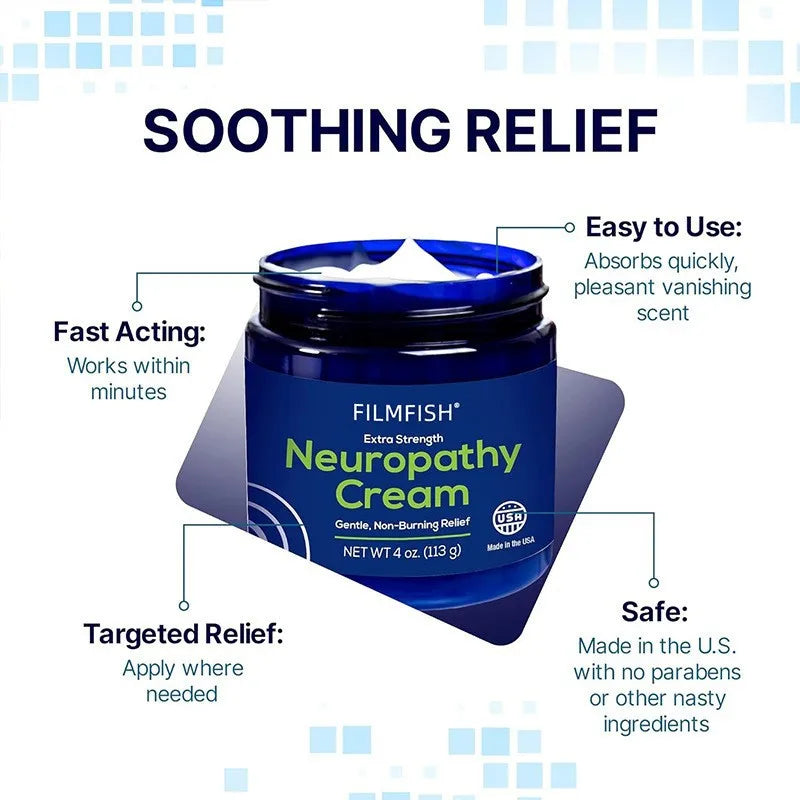 Extra Strength Neuropathy Cream for Feet Joints Soothes Nerve ,Non-Greasy Fast Relief,Comfort Hands Legs Body Moisturizes Skin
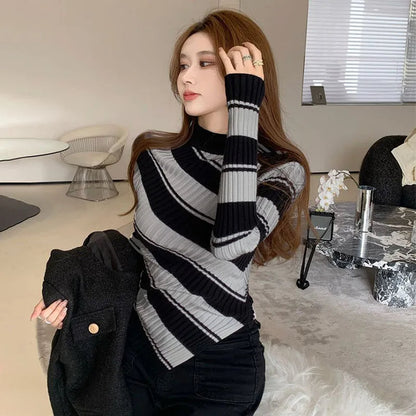 Pull ajusté rayé pour femme - Image 6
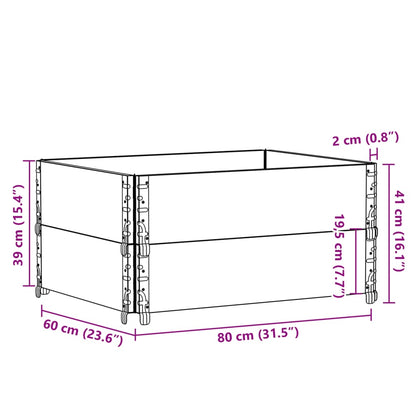 Garden Planter Grey 80x60 cm Solid Wood Pine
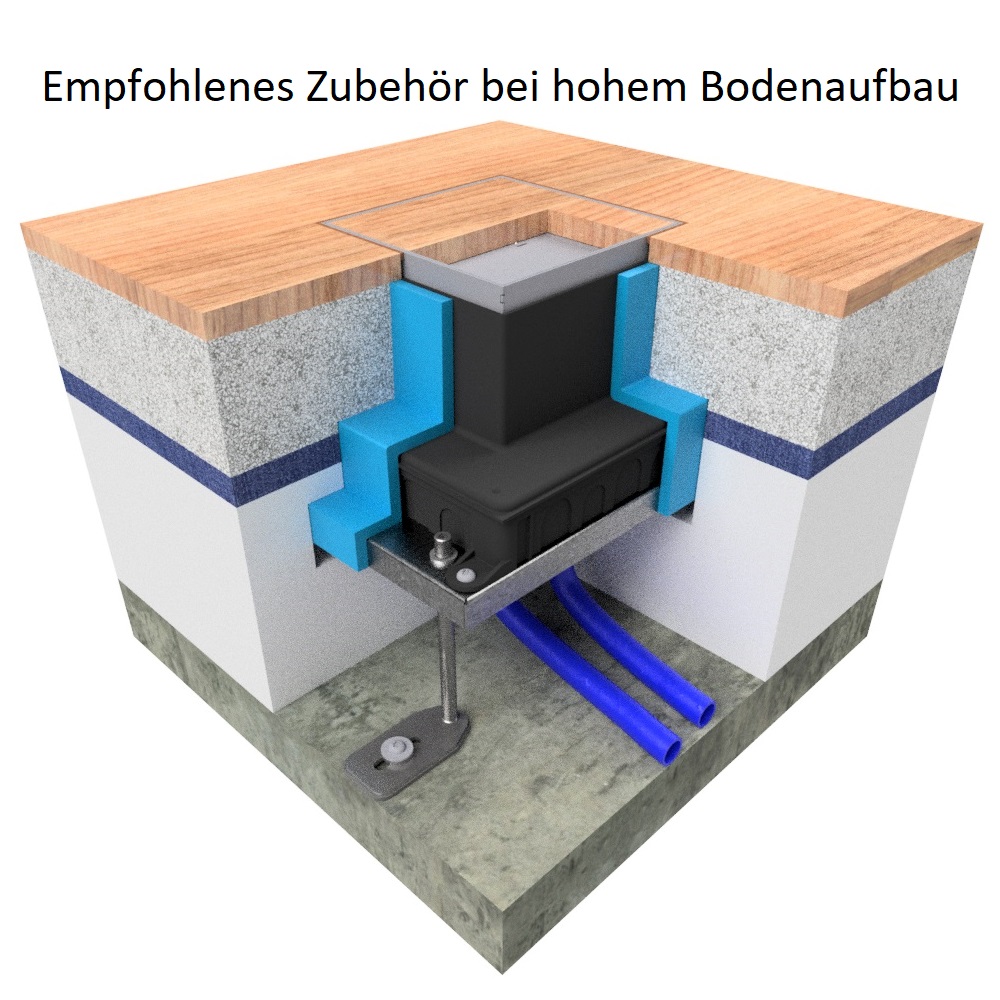 Unterflur-Bodendose UBD 210 small aus Chromstahl inkl. Blinddeckel mit Kante und 15mm Vertiefung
——
- [Work to be completed]:
When the line that holds "Pull ajusté rayé pour femme - Image 6" is reached, begin duplicating exactly, and continue through the last line of the listing, skipping the pictures; output nothing else.

- [Result]:
 Pull ajusté rayé pour femme - Image 6
 Garden Planter Grey 80x60 cm Solid Wood Pine
 Unterflur-Bodendose UBD 210 small aus Chromstahl inkl. Blinddeckel mit Kante und 15mm Vertiefung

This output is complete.